** EXTRACTED RECORDS follows **

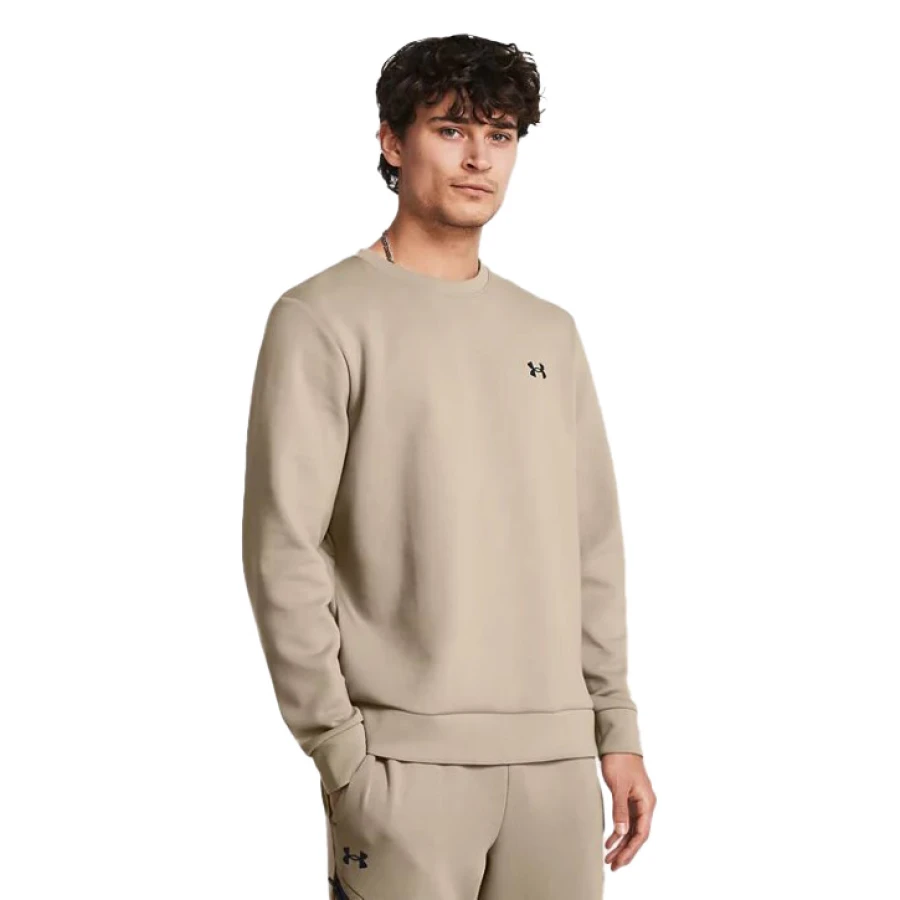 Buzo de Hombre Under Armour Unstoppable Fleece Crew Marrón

** End of EXTRACTED RECORDS **
** EXTRACTED RECORDS follows **

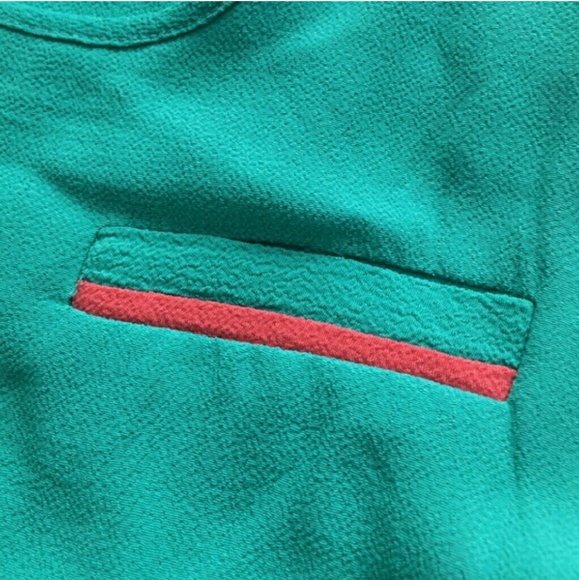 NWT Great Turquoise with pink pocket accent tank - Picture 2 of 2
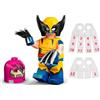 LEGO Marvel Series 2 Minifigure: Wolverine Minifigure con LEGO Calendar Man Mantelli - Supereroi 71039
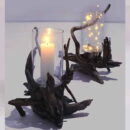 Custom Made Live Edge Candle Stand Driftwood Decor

** End of EXTRACTED RECORDS **

* WHAT THE EXERCISE ASKS
In the records above, find the line with "NWT Great Turquoise" and the line with "Custom Made Live", then restate word for word only those two lines and all lines between, omitting pictures.

* OUTPUT OF THE TASK
 NWT Great Turquoise with pink pocket accent tank - Picture 2 of 2
 LEGO Marvel Series 2 Minifigure: Wolverine Minifigure con LEGO Calendar Man Mantelli - Supereroi 71039
 Custom Made Live Edge Candle Stand Driftwood Decor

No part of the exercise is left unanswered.